Since our educational adventure at An Event Apart in Washington DC this past July, we’ve discussed Website Accessibility and Measuring Engagement. Today, we’re diving into the ever-important realm of Image Optimization.

What is Image Optimization?

When Una Kravets, UI Engineer for Digital Ocean, began her AEA presentation with a full screen photo of Bob Ross, we knew this was going to be good. Essentially, Image Optimization is what makes a raw, high-resolution photo or graphic look good and load fast on the web. This is accomplished using various tools and practices, which we’ll get into later. Worth noting, we aren’t necessarily talking about the physical size of an image in inches or pixels here, but instead the file size in bytes.

Every time you visit a web page, your computer is essentially downloading the embedded images to view them. This consumes precious bandwidth on your hosting environment as well as your visitor’s browsing device. The goal of image optimization is to minimize the bandwidth required to experience a website.

As Google so eloquently puts it, “Image optimization is both an art and science” because there is a definitive yet subjective balance between quality and file size. In the example below, you’ll see our original photo on the left, straight from the camera, with zero compression or optimization. To the right, that same photo has been saved at 10% quality to significantly reduce file size.

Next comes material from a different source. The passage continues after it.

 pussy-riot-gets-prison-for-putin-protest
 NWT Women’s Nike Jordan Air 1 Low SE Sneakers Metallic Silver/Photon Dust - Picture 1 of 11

Image Optimization for Web

With any image optimization, there is give and take. The higher the quality (more colors, finer detail) the bigger the file. There have been major strides in lossless compression that retain the depth and variation of photos. Such methods rely on extremely complex algorithms unique to each of the popular file types (JPG, GIF and PNG). Painting happy trees might make us smile, but image optimization is serious business.

Why it Matters?

You might ask yourself why this extra effort is necessary. You have a nice broadband internet setup at your house, so why bother with a saved kilobyte here and there? For that answer, you’ll have to step outside of your own home. When Una Kravets refers to “Responsible Imaging,” she’s talking about serving all audiences, across the world, on any devices, with a wide range of connectivity scenarios. Like her, if you believe access to information should be a basic human right, then image optimization becomes a top priority. If we look at mobile traffic alone, about 50% of all visitors are using a phone or tablet to browse your website – often from a 3G connection. Statistics show that 53% of mobile sites are abandoned after just 3 seconds. Can you afford to lose that much business due to slow page load times?

Mobile Image Optimization

Additionally, search engines like Google are starting to place increased importance on page load times. Websites that load faster rank higher in search results and that will only become truer as expectations evolve. Just for fun, check out your current Google Page Speed Score.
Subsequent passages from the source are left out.